The has_dependency() function is doing a lot of heavy lifting there. I wrote it in a panic at 2 AM and it's basically a bunch of regex patterns checking if one function's output parameter name appears in another function's input. Ugly but effective. I keep meaning to refactor it. I probably won't.

Benchmark: On a call with 3 independent API lookups, parallel execution reduced latency from 2.1s to 0.8s (measured via X-Ray traces). That 0.8s still feels slow to me, but my PM says I'm being "unreasonable." She might be right.

2. Streaming with Function Calls

OpenAI's streaming API now supports function calling (as of v1.10.0). Here's how to implement it properly:


from openai import AsyncOpenAI

client = AsyncOpenAI()

async def stream_with_functions(messages: list[dict], functions: list[dict]):
 """Stream responses while handling function calls"""
 
 stream = await client.chat.completions.create(
 model="gpt-4-0125-preview",
 messages=messages,
 functions=functions,
 stream=True,
 function_call="auto"
 )
 
 function_call_buffer = {"name": "", "arguments": ""}
 current_content = ""
 
 async for chunk in stream:
 delta = chunk.choices[0].delta
 
 if delta.function_call:
 if delta.function_call.name:
 function_call_buffer["name"] += delta.function_call.name
 if delta.function_call.arguments:
 function_call_buffer["arguments"] += delta.function_call.arguments
 
 if delta.content:
 current_content += delta.content
 yield {"type": "content", "text": delta.content}
 
 if chunk.choices[0].finish_reason == "function_call":
 yield {
 "type": "function_call",
 "name": function_call_buffer["name"],
 "arguments": function_call_buffer["arguments"]
 }

One thing that tripped me up: the function call name and arguments arrive in separate chunks. I spent 45 minutes wondering why my function names looked like "get" "curr" "ent" "_wea" "ther" before realising I needed to buffer them. Not my finest professional moment. I may have yelled at my monitor.

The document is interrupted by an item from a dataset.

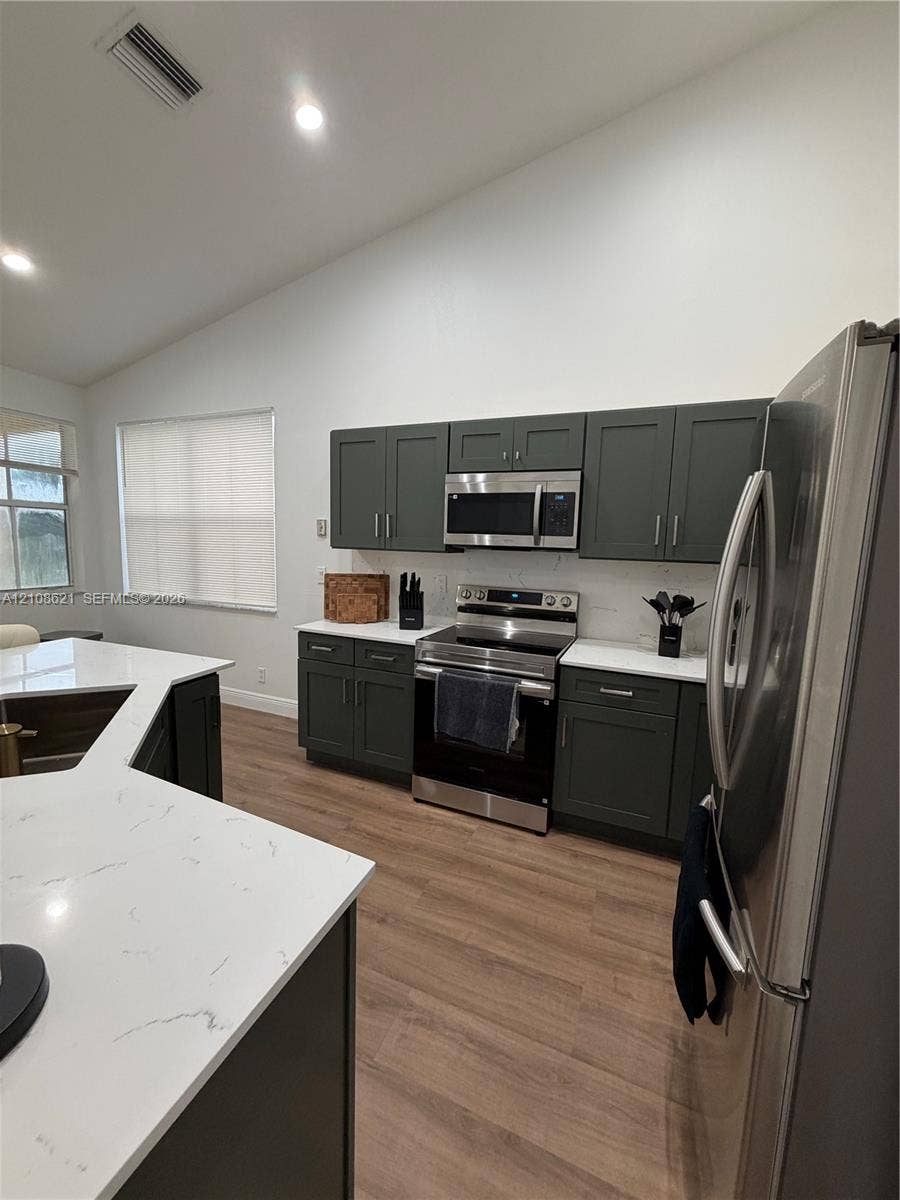 Kitchen featuring dark cabinetry, quartz countertops, stainless steel appliances, a multi-angled island, and wood-finish flooring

3. Caching Function Results

For deterministic functions with identical inputs, cache aggressively:


from functools import lru_cache
import hashlib
import json

class FunctionCache:
 def __init__(self, redis_client):
 self.redis = redis_client
 self.ttl = 300 # 5 minutes default
 
 def cache_key(self, function_name: str, arguments: dict) -> str:
 """Generate deterministic cache key"""
 payload = json.dumps({"f": function_name, "a": arguments}, sort_keys=True)
 return f"fn:{hashlib.sha256(payload.encode()).hexdigest()[:16]}"
 
 async def get_or_execute(self, function_name: str, arguments: dict, executor):
 key = self.cache_key(function_name, arguments)
 
 cached = await self.redis.get(key)
 if cached:
 return json.loads(cached)
 
 result = await executor(function_name, arguments)
 await self.redis.setex(key, self.ttl, json.dumps(result))
 return result

I know, I know—sha256 for cache keys is overkill. But after debugging a collision on MD5 that caused a user in Tokyo to get weather data for Toronto, I'm not taking chances anymore. The user was very confused. So was I.

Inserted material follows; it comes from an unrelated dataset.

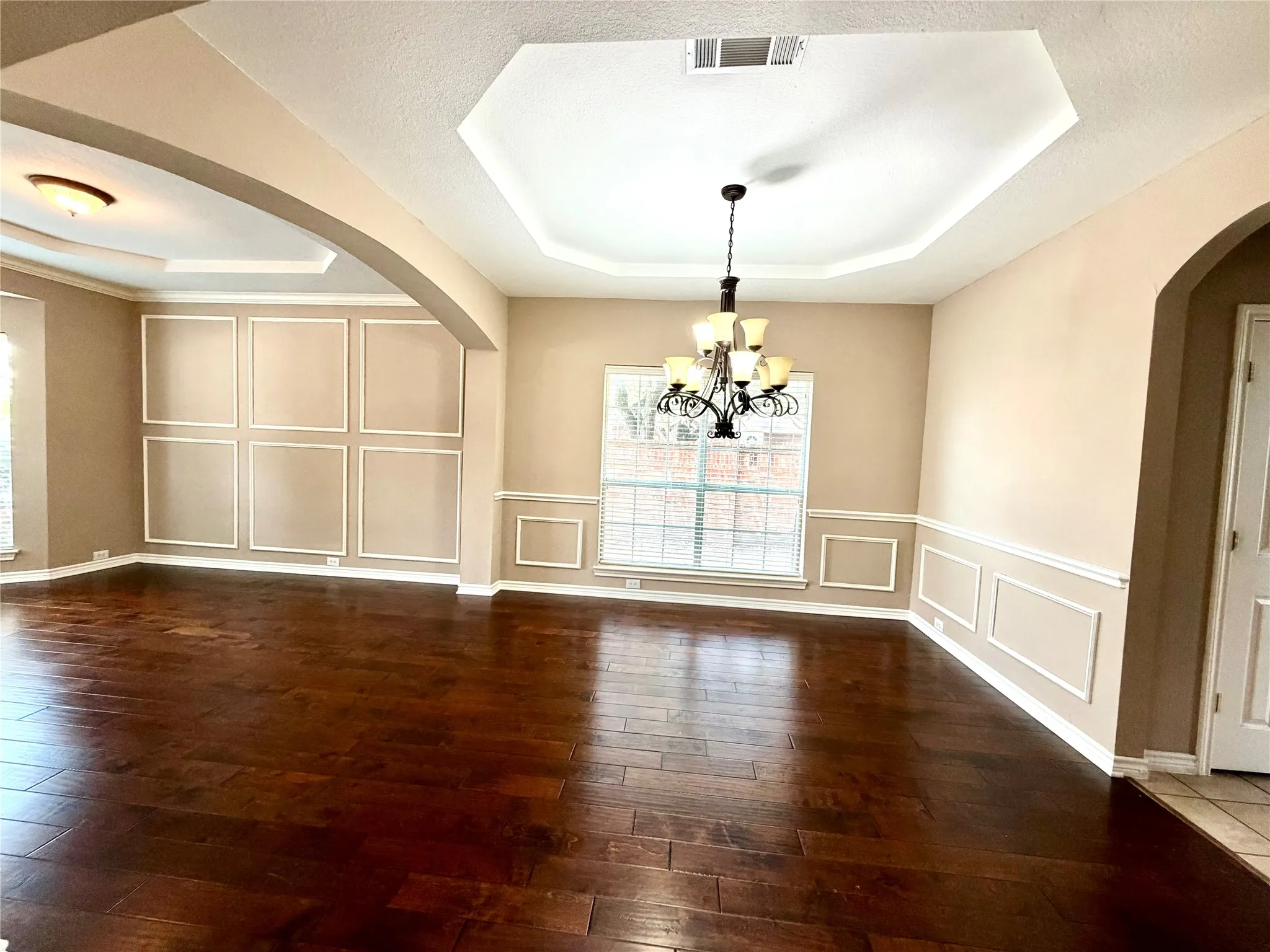 Wood-finish flooring throughout, tray ceilings, decorative wall molding, and an ornate chandelier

Production data: Our weather function cache hit rate is 42%, saving roughly $0.002 per cached call. Not much individually, but it adds up at 50K requests per day. I think that's about $42 daily savings. Maths isn't my strong suit, but my AWS bill noticed.

Monitoring and Observability

You can't optimise what you don't measure. Someone much smarter than me said that.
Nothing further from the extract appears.